Is it good to combine goals for the above said reason ?
Will it affect the target corpus of the PG goal amount.
Kindly share your view on combine.
10 Answers
Hi,
More than it is good or not, you need to look at and analyze is it possible?
If you have to accumulate the required corpus for UG + PG in advance, obviously you need to save and invest more.
Nothing wrong in aiming for higher corpus well in advance, that will put you/your family in a good position, as we are all aware of the fact that education inflation is very high in India, and you may never know what your Son would like to become and achieve academically after 10+ years from now.
Related article :
https://www.relakhs.com/calculate-kids-education-goal-amount/
Thanks for your response.
Well said, We do not know, what will be our kids choice of education after 10+ years now. Even we do not have any estimate on how much amount to be accumulated for them.

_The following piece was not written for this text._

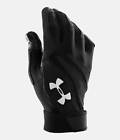 1229408-001 886450097711 Under Armour Ua Clean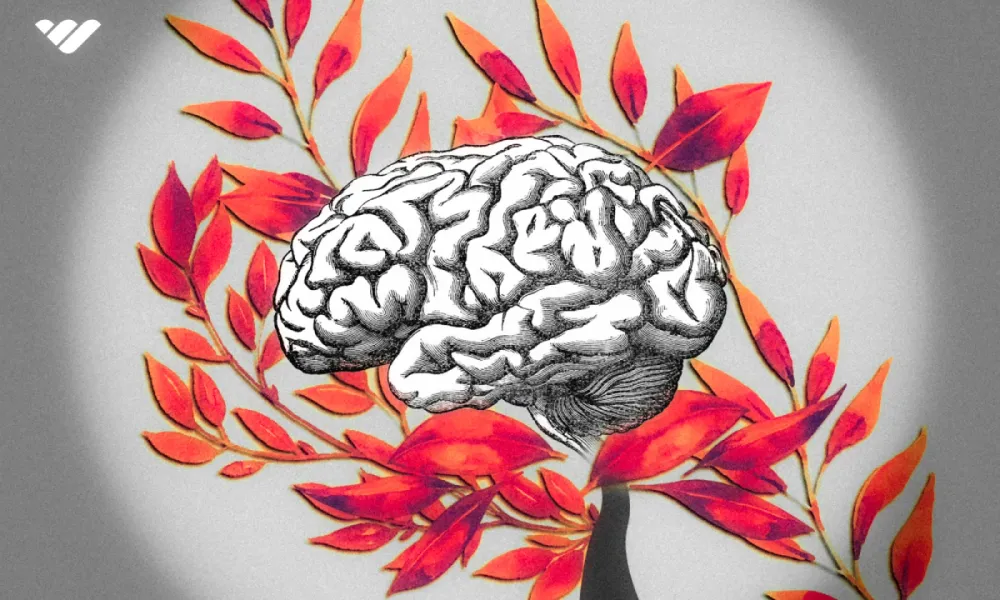 What are masterminds? Everything you need to know about mastermind groups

Roughly i am making an estimate of 10 Lacs for UG and 5 Lacs for PG.
What is your estimate on Goal amount for UG and PG in india. I know its hard to give clear estimate, But you can share it on your own experience and readers query.
Hi,
It depends on the type of course that one choses to pursue in UG/PG.
For example : MBA in a normal college can be completed with say Rs 2 to Rs 5 lakh (max). Again this depends on whether it is a residential program or not.
The same MBA from a prestigious institute like XLRI can cost around Rs 20 lakh (Present value).
So, I always believe that as a parent one needs to save and invest as much as possible, as frequently as possible for two high priority goals ie Retirement and Kid' Education.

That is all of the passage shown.